At the Beginning of November

So, this is 2013.

When I was just starting undergrad, back in 2006, a girl told me that she was going to do the National Novel Writing Challenge – and I thought that was the coolest thing I’ve ever heard of. I decided to give it a try, since hey – I’d been writing for years! Surely fifty thousand words in a whole month couldn’t be that bad, right?

Who would have ever known…that in eight years, I’d be sitting where I am.

I won’t go through the entire story, since you can read it on my guest post on Denise Drespling’s blog here, but suffice it to say that the too long; didn’t read version is that NaNoWriMo would go on from there to change my life.
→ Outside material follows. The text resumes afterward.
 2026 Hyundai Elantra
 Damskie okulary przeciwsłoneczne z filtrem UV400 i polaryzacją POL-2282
So much of who I am today is based on the fact that I consider myself first and foremost…a writer. I happen to be many other things: an audiobook narrator, a cafe worker, a guitar player, a voice actor, a child to my parents, a friend, etc. But before all of that is the fact that I Am A Writer.
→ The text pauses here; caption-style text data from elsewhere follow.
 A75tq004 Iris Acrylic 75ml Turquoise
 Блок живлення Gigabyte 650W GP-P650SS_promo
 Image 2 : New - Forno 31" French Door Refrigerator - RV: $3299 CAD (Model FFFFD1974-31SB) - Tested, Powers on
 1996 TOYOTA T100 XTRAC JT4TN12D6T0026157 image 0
On my computer is a blue Post-it note, which I was told to write in a NaNo pep talk. It reads, simply: “I am a writer. I write books.”

And I do.

I don’t always write them quickly, and I may not write them well, but I do write them.

My first three NaNo attempts (well, two attempts and one success) will someday become my Xenia Angelus trilogy. They are plotted and schemed out in my mind. 2008 taught me I could do it – and in 2009 I wrote the first draft of the novel that will become my MFA manuscript. In 2010 I began plotting out a book that a then-friend of mine and I had imagined for years – and someday, I will give it the revamp it deserves and finish the work I began. 2011 saw the first attempt at fiction based off of a true event – and I’m still planning on fleshing that out and finishing it. 2012 gave me the beginning to a rewrite of a novel I wrote in high school.
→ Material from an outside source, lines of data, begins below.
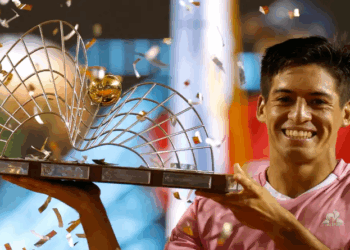 Rio Open chega ao fim com bicampeonato do argentino Sebastian Baez
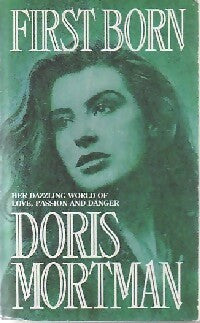 First born - Doris Mortman -  Coronet Books - Livre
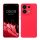 Kwmobile калъф за Xiaomi Redmi Note 13, розов, силиконов, KWM000020OD005C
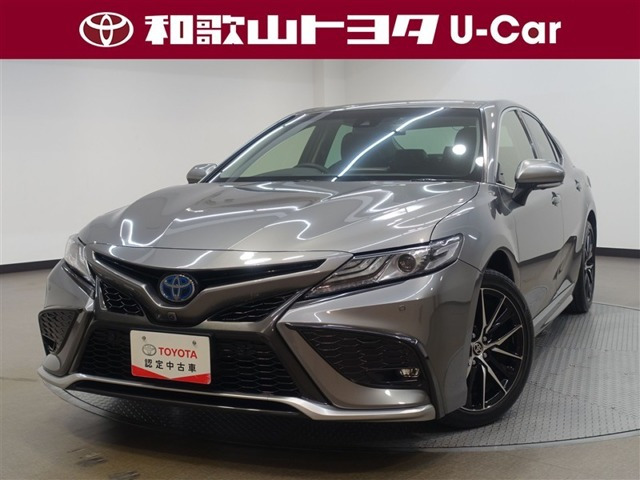 カムリ 2.5 WS レザーパッケージ
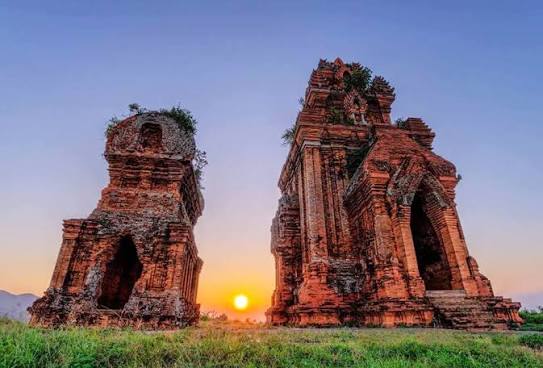 Khám Phá Tháp Chăm Pa Bình Định
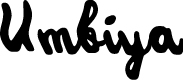 Umbiya
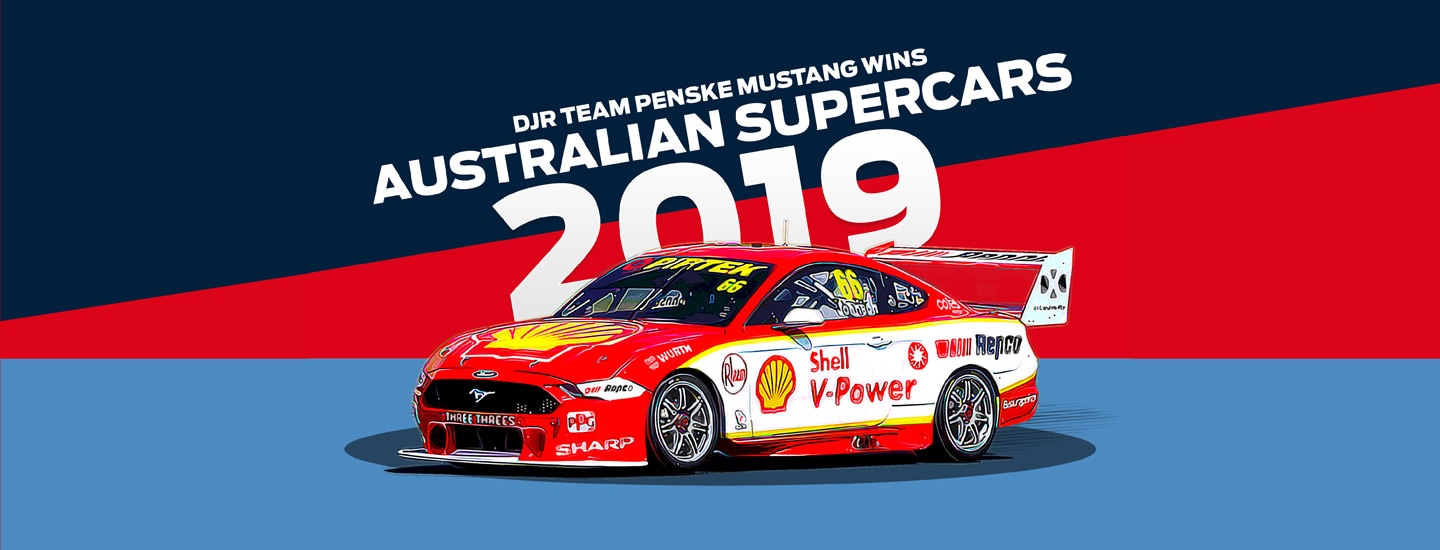 DJR Team Penske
This year, I have two projects. I am continuing on with my manuscript (grad school waits for no NaNo), and starting to finally draft out a book that started with a four-page assignment when I was sixteen.

At what is close to the end of my writing time today, between the two, I have written 7717 words. 3568 in one project, 4149 in the other. I took the day off to focus on my work as an ML – the Municipal Liaison, or regional coordinator, for the NY::Elsewhere region, which allows me to help out Wrimos all over the state of NY – and managed to sit down for a five-hour write-in with my fellow authors.

One of my authors (a rebel from Connecticut hanging out with us) is likely to reach ten thousand in his first day, due to my help.

I can’t even speak about how thrilled this makes me.

Because in the end, do I want everyone to win? Of course. I want to stand as the ML who led their ENTIRE REGION to success. I’d love to do that. Is it likely? No, not in the least. So what I want is to be the ML who can stand there and say “My entire region wrote this November.”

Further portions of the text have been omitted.